The Dark Tower is a story of good versus evil and a boy-turned-man fighting against all odds, no matter how much harm and disaster he experiences in his journey.  I would argue Treachery #6 is one of the best issues of 2009.  No wonder the series is this high on our list.

The fallout of Secret Invasion, Hank Pym dons the identity of the Wasp and forms his own team of Avengers to counteract the formation of the team seen in Dark Avengers.  From there comes Mighty Avengers, which has a lot of what makes a team superhero title great.  Pym’s Avengers face big, world-threatening problems, from the rise of the Elder God Chthon to a villain with the power of a Cosmic Cube, with multiple threats in between.  Great character interactions abound–such as the exchange between Pym and Norman Osborn at a press conference–as do great individual character moments–such as Quicksilver claiming a Skrull had done his misdeeds or Hercules comparing piloting to making love.  The issues have just the right amount of action, drama, and hilarity, making every issue entertaining.

5) Hercules: The Knives of Kush #1-4 (Radical)–21 points.
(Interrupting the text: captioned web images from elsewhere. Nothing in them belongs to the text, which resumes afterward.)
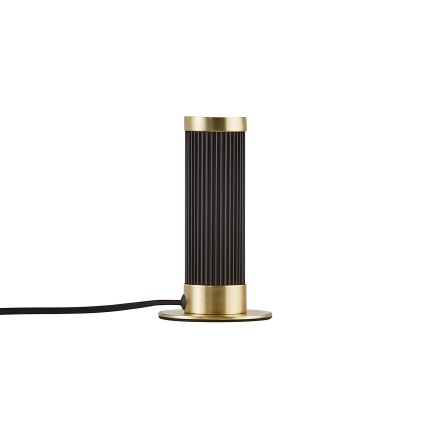 Nordlux - Eπιτραπέζιο φωτιστικό GALLOWAY 1xE27/40W/230V
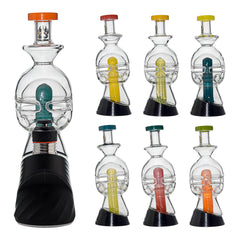 Fab Egg Puffco Peak OG & Pro Attachment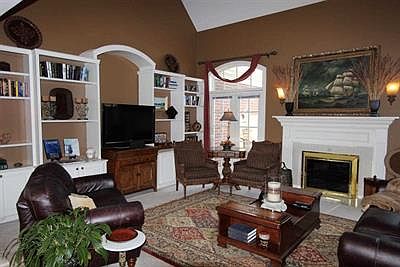5th image of 4344 Ashbury Parke Dr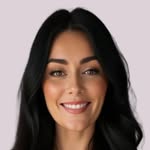 𝗡𝗔𝗧𝗔𝗦𝗛𝗔 𝗨𝗦𝗠𝗔𝗡 𝗣𝗲𝗿𝗺𝗮𝗻𝗲𝗻𝘁 𝗠𝗮𝗸𝗲𝘂𝗽 - @natashausman_pmu - Instagram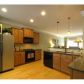 Unit 7864 - 7864 Kiverton Place, Atlanta, GA 30350 ID:8129360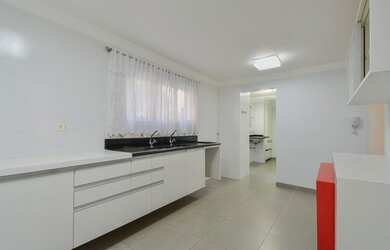 Imagem 4: PDTC 362 Apto theremaxcollection-AMWN5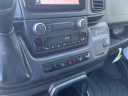 Thumbnail image of 2025 Ram ProMaster at University Dodge Ram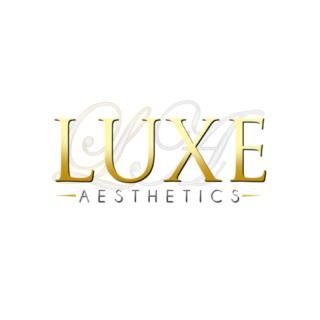 Luxe Aesthetics - Middlesbrough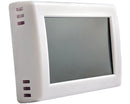 Micro-Air EasyTouch: GE Single-Zone replacement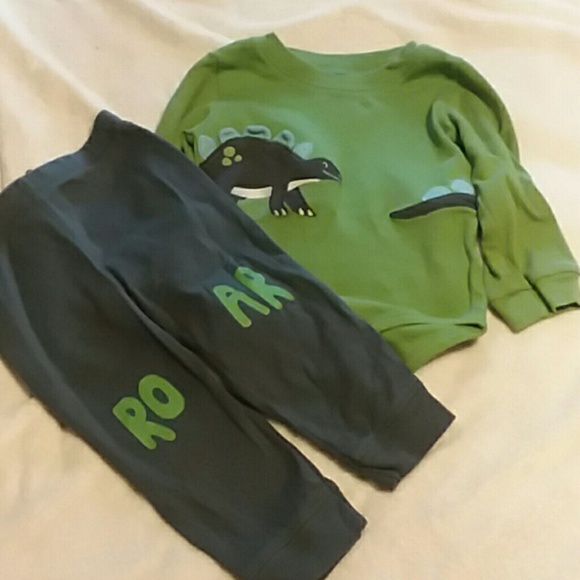 DONATED - Picture 4 of 4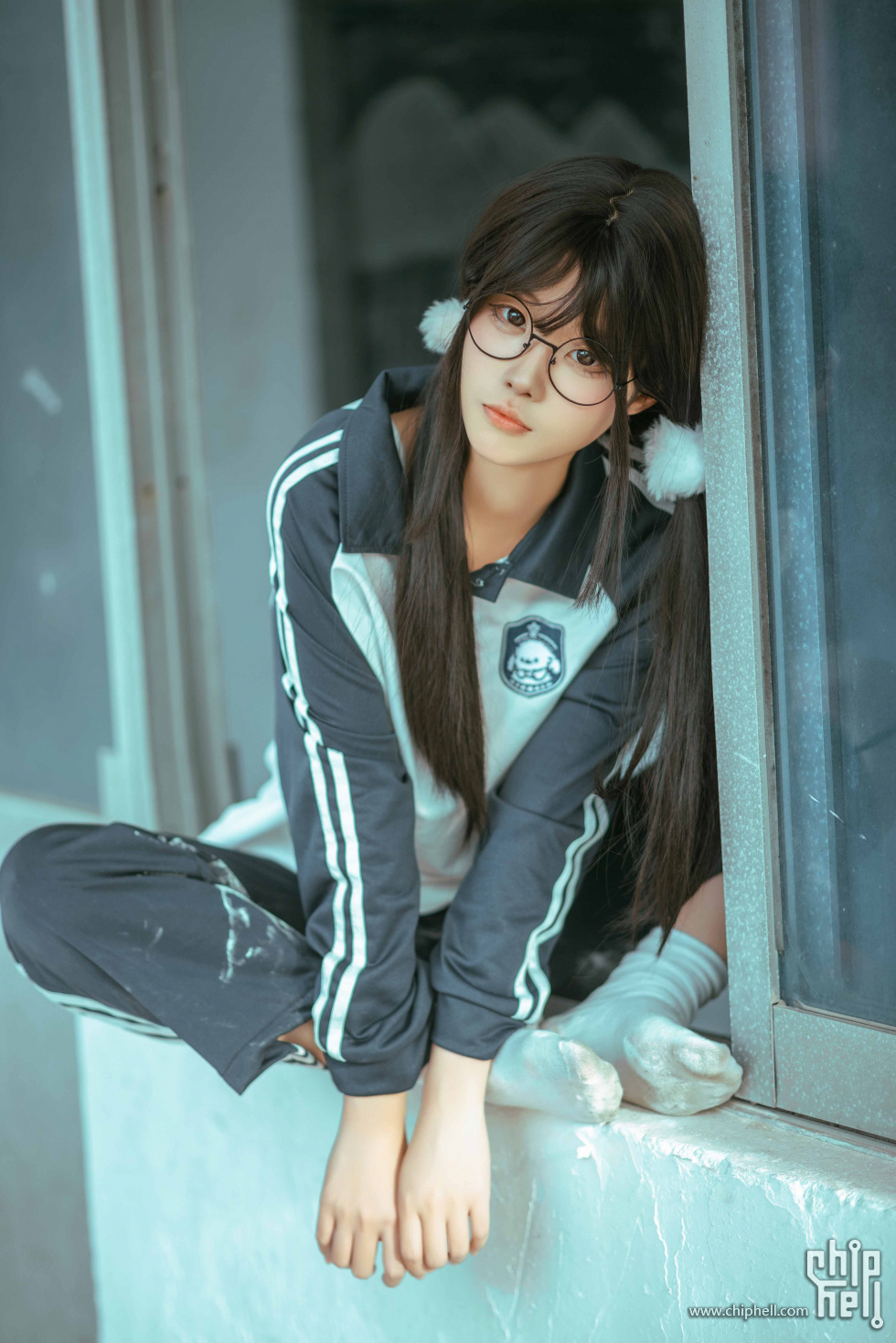 SKT_2209.jpg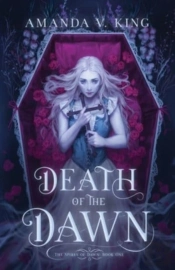 Death Of The Dawn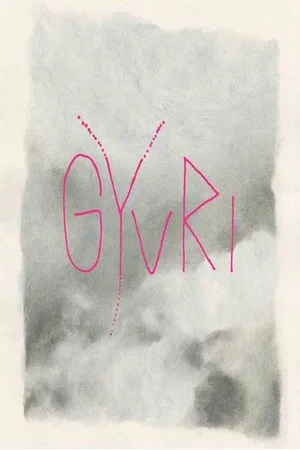 Постер: Gyuri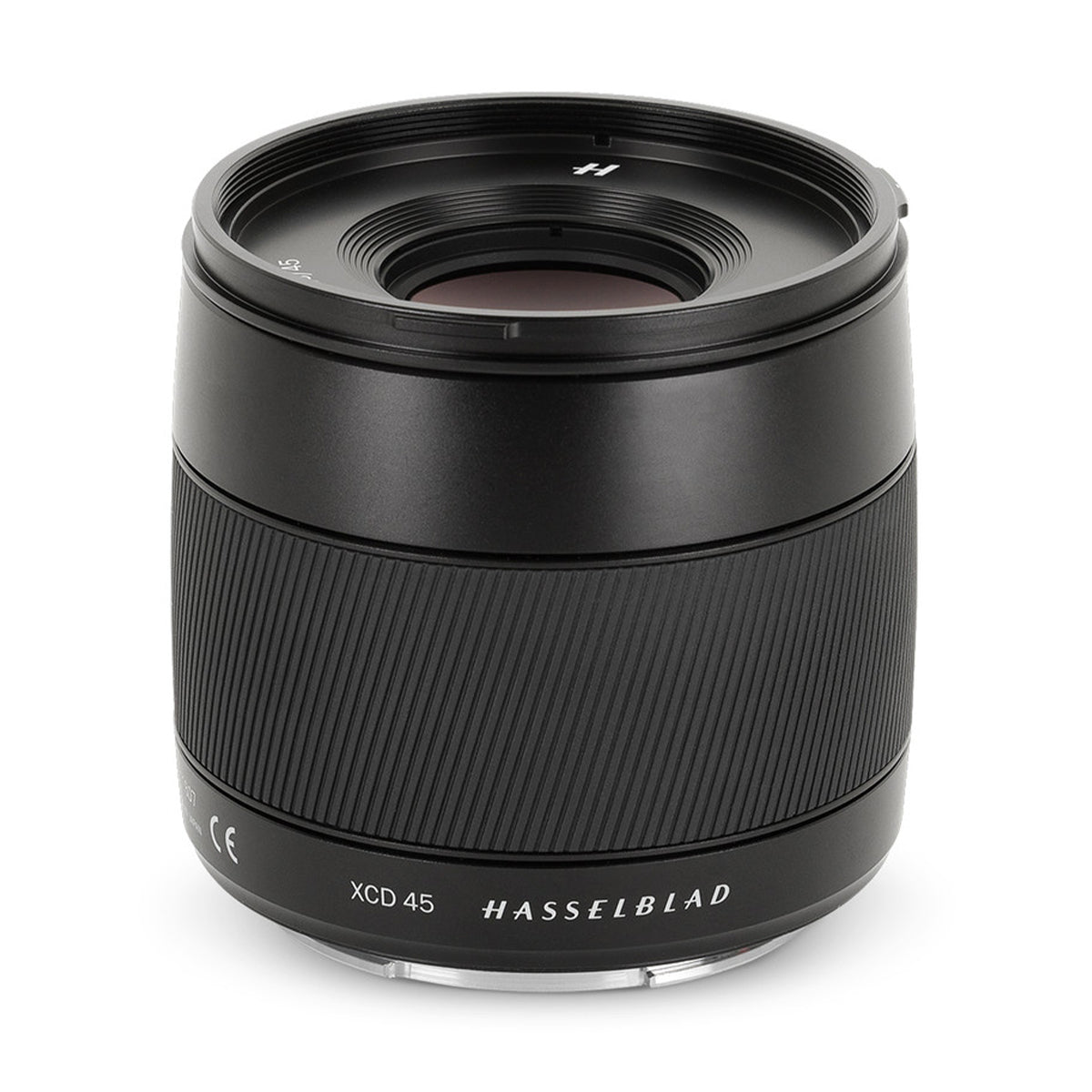 Hasselblad XCD 45mm f3.5 lens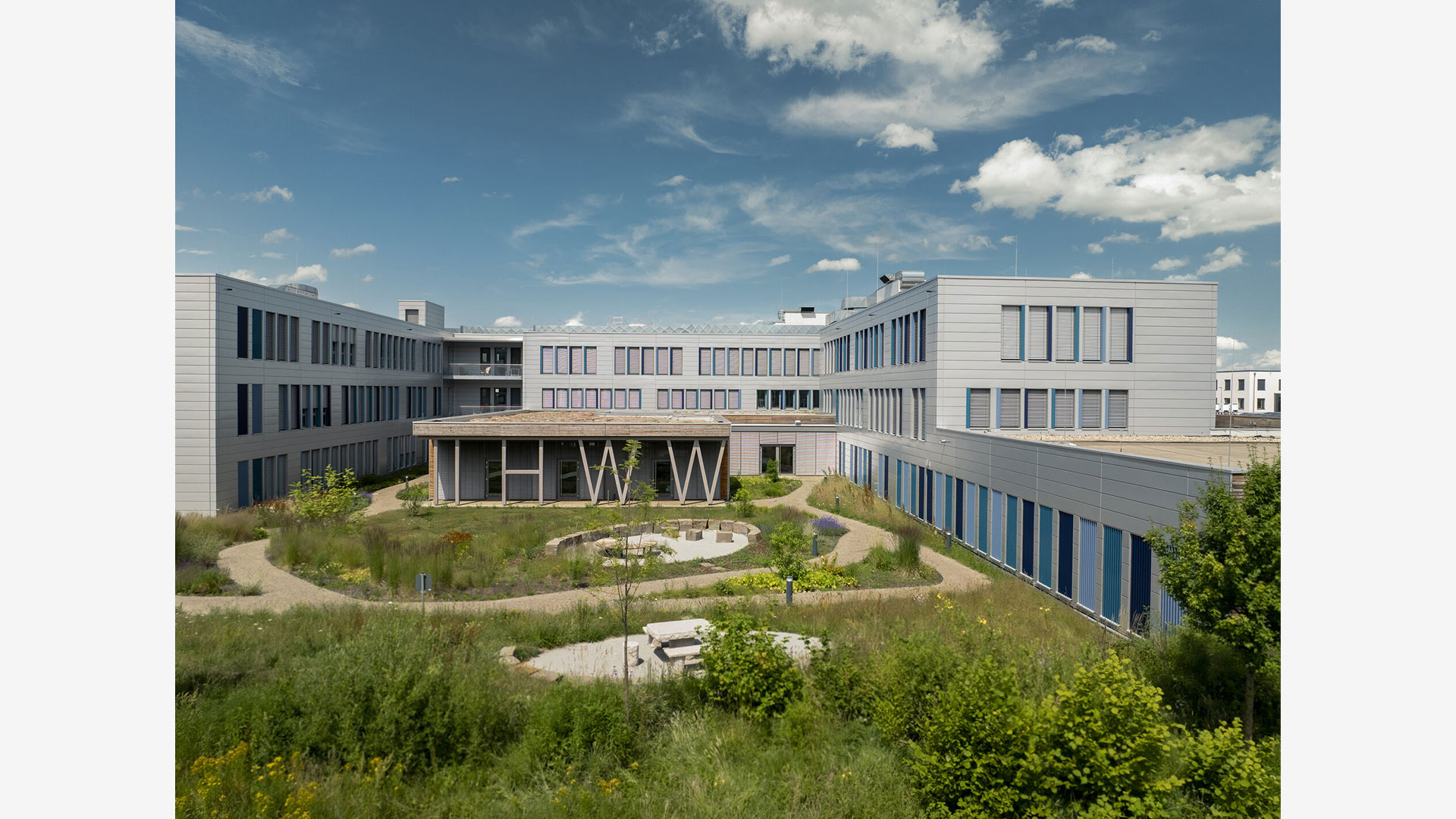 [Translate to English:] 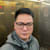 Tuan Le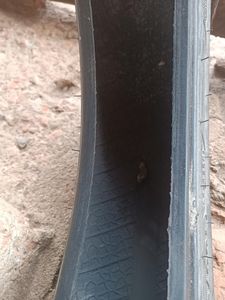 CEAT tyre 100/80/17 2022 for Sale
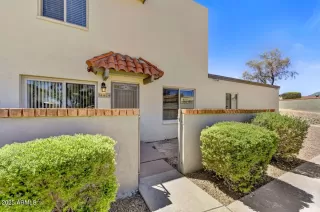 Primary Photo for MLS#: 7009199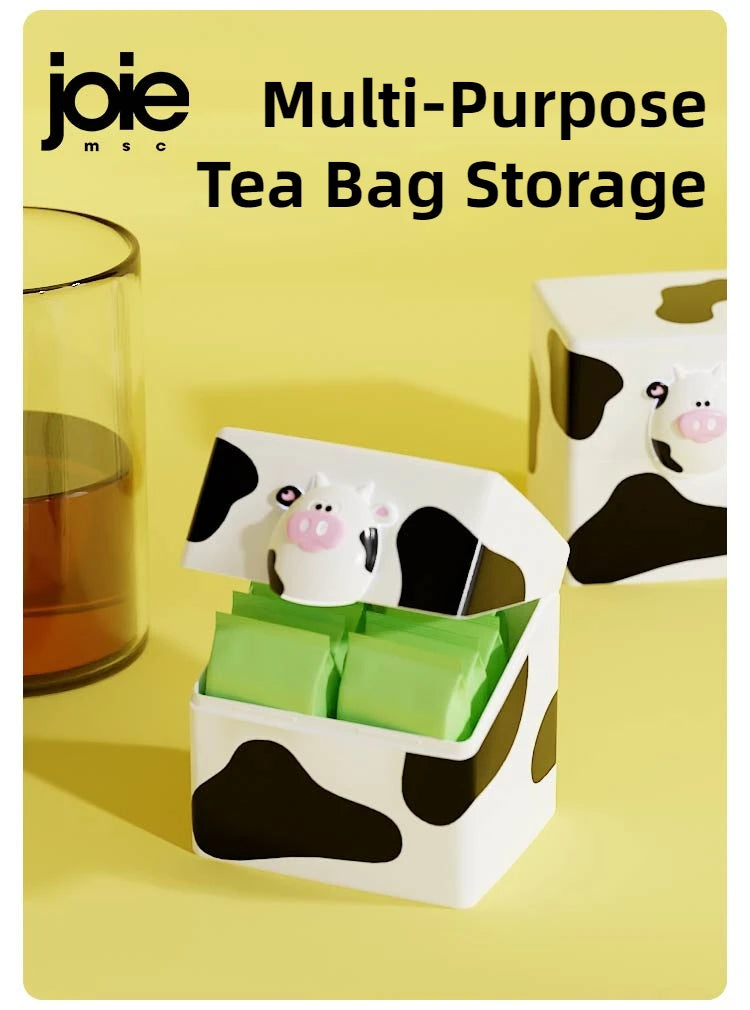 conservation du fromage dans le frigo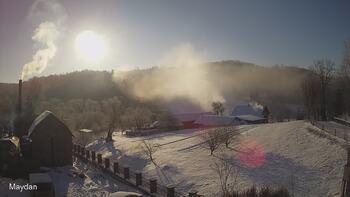 Майдан 17 січня 2024 року, 2024-01-17 10:00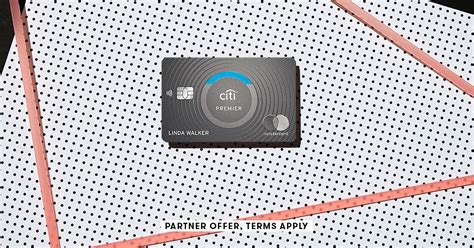citi thankyou points value|Best ways to use 80,000 Citi ThankYou points .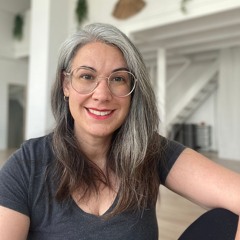 Le Boudoir Créatif I Podcast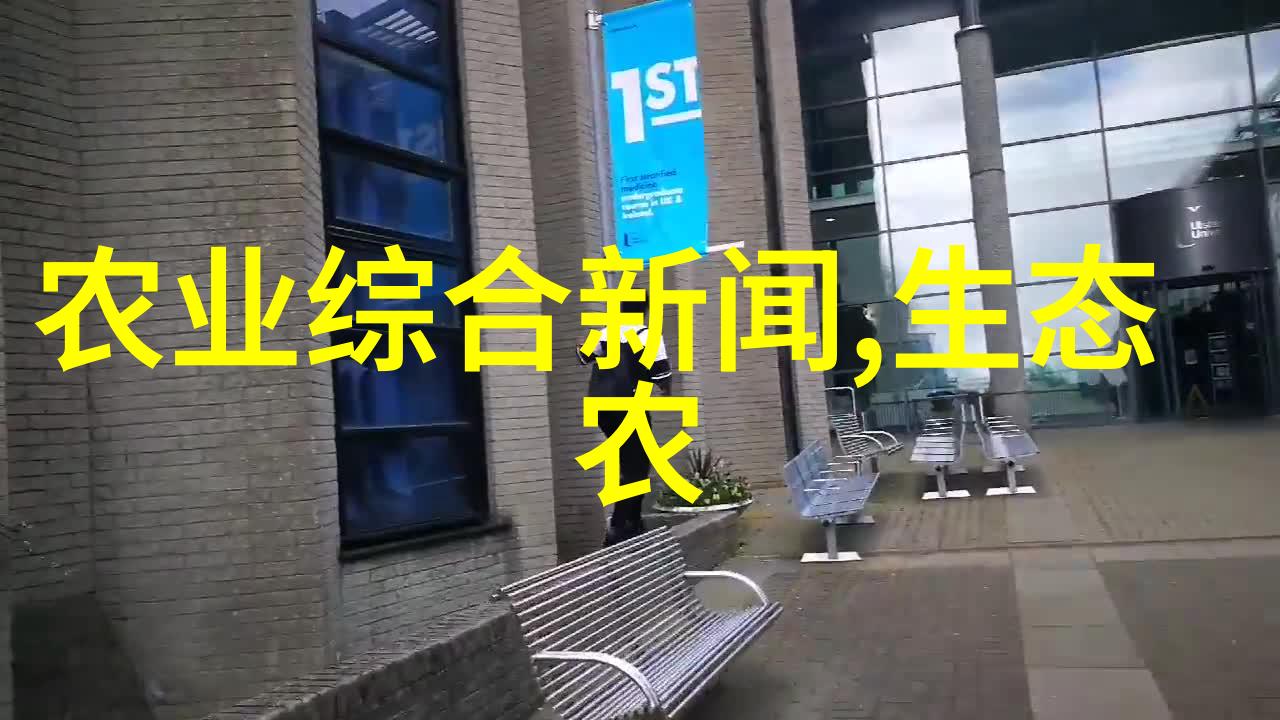 无土栽培一亩投资概述智能农业技术节水创新方法环境友好型种植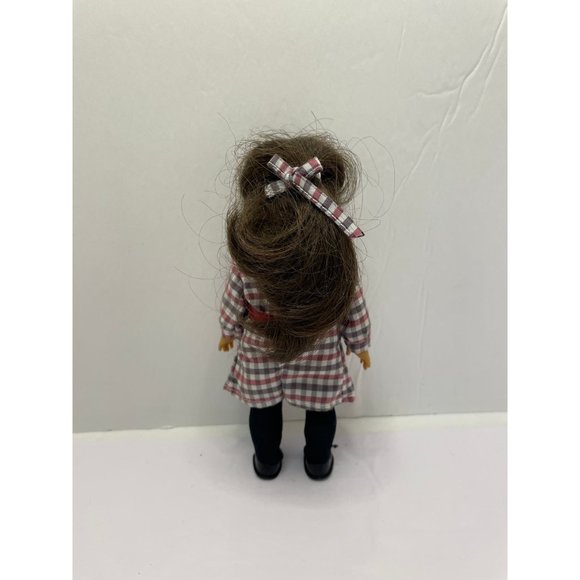American Girl Mini Samantha VTG 1995 - Picture 5 of 8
This comic is great largely because it has so much in it.  Remember those comics that took half an hour to read?  The first four issues that came out in 2009 are each like that.  (The fifth issue, which came out this month, is just faster-paced.)  Hercules and his allies are trying to travel home when their ship is wrecked and they are forced to stay in Egypt for a while.  At first facing a lack of direction and a fair bit of distrust (due to being outsiders), they soon get wrapped up in a civil war between the Pharaoh and his brother.  They are treated as guests and hired as bodyguards by the Pharaoh himself.  He wants them to guard one of his lovers and sniff out a mole in his palace.  All that, plus a few more things, is in the first issue.  As the series progresses, Hercules and company also get involved in the frontlines of the war itself, leading to some cool moments.  Also, the series frequently showcases the culture clash between Ancient Greeks and Egyptians.  There are multiple characters and situations to keep track of, all the while being rendered beautifully by Cris Bolson–though, the coloring is slightly muddy.  The amount of character focus, action, plotlines, and nuances just make this a tremendous series.

4) Avengers: The Initiative #21-31 (Marvel)–23 points.

This title takes a sort of scattershot approach to storytelling.  With an ensemble cast almost too large to juggle, multiple plotlines (sometimes more than one per character), and adjustments related to Marvel’s event titles… well, this comic has no set focus.  That said, the overall focus is on what some might consider the B- through Z-list characters of Marvel.  The various issues touch on people including the Initiative’s instructors, the members of the Shadow Initiative and their mission in Madripoor, members of Initiative’s state teams, new recruits, senior students, former students that are outside the Initiative, and members of the New Warriors.  See what I mean about a large ensemble?  The characters rotate, but each receives some focus.  The quality of the stories does not suffer amidst the shifts and the various plotlines are still allowed to move forward.  The art, though not wonderful, works well enough, adequately showcasing the action and emotion involved in each issue.

Avengers: The Initiative may involve a lot of characters, and it may be forced into changes due to the repercussions of Marvel’s events, but it remains a strong comic, consistently interesting and entertaining.

3) Thor #600-605/Thor: Giant-Size Finale (Marvel)–24 points.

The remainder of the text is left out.